Passive investment is a simple, successful, and costefficient method of investing that avoids all of the aforementioned work. It entails investing directly in benchmarks rather than constructing a portfolio to outperform them. In comparison to an active strategy, there is no risk of underperformance, and market rewards are supplied at a very cheap cost.
Wherever possible, Glide's portfolios include passive funds since they provide the best value in terms of performance and cost while showing the characteristics and features of the underlying asset class they represent.

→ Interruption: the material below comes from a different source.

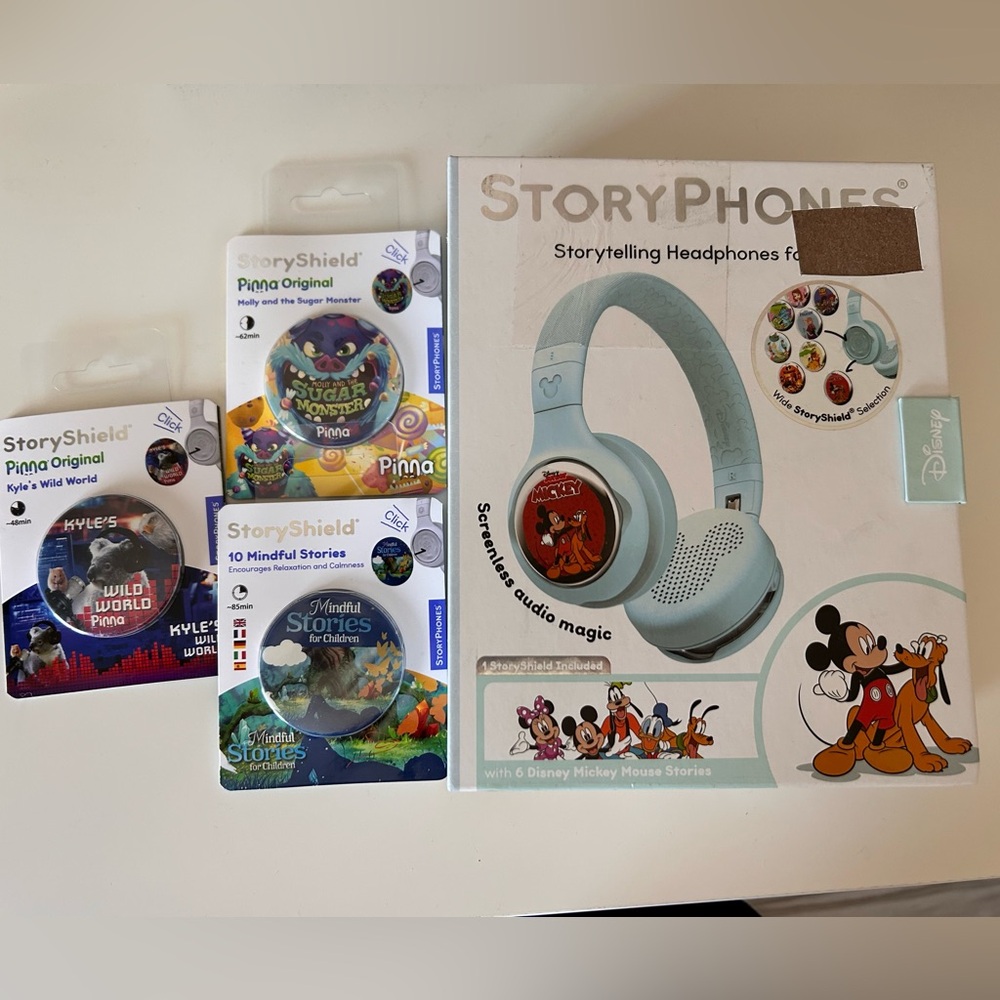 Onanoff StoryPhone Storytelling Headphones for Kids - Light Blue - Picture 8 of 14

Now that we have all of the pieces, let's look at how we put the portfolios together.
GLIDE GOAL-BASED EFFICIENT ASSET ALLOCATION PORTFOLIOS:
At Glide, we start the process of building a portfolio by selecting a wide range of asset classes.
- Uncorrelated or negatively correlated asset classes (i.e., their return characteristics change in opposite directions) are desired. Domestic equities, international equities, fixed income, gold, and liquid funds have all been included in the selection for our portfolios.
- The risk profile and investment horizon matrix were used to create efficient portfolios that fit all of the profiles and investment horizons. The benchmark indices were substituted by a selection of passive funds that represented those indices after the portfolios were built.
- The selection of passive funds was done with care, with a lower expense ratio taking precedence, followed by a smaller tracking error, and finally AUM size, with a higher AUM receiving preference. For example, in a portfolio, the Nifty Midcap 150 index will be substituted by a Nifty Midcap 150 Index fund that meets all of the criteria.
- As an investor when you approach glide with a goal in mind, an appropriate efficient portfolio is then provided taking your investment horizon, goal size and risk profile in consideration. We do this automatically and without any effort on your part. All you need to do is make one single payment and the rest is managed on our end making for an efficient execution towards an efficient portfolio.
Here is an example of an aggressive long-term portfolio and its historical performance
|Stats||Nifty 50 TR Index||Nifty 500 TR Index||^S&P 500 TR Index||Glide Aggressive Long Term Portfolio|
|15 year CAGR Returns (%)||12.7%||12.9%||14.3%||16.9%|
Not only has the portfolio done better than the individual equity asset class but it has done so with significantly lower risk than the equity indices.
The ultimate solution for all investor needs is a goal-based efficient asset allocation strategy. It minimises volatility and diversifies risk, especially during times of crisis. During a crisis, investors are frightened by the apparent loss of wealth and the instability of their returns.
An effective asset allocation portfolio keeps volatility low, allowing risk to stay within the individual investor's risk tolerance threshold, resulting in the investor staying in the market rather than bailing out.
At the same time, there are no tradeoffs in terms of returns, and an investor may expect their portfolio to provide returns on par with, if not greater than, comparable indices over time.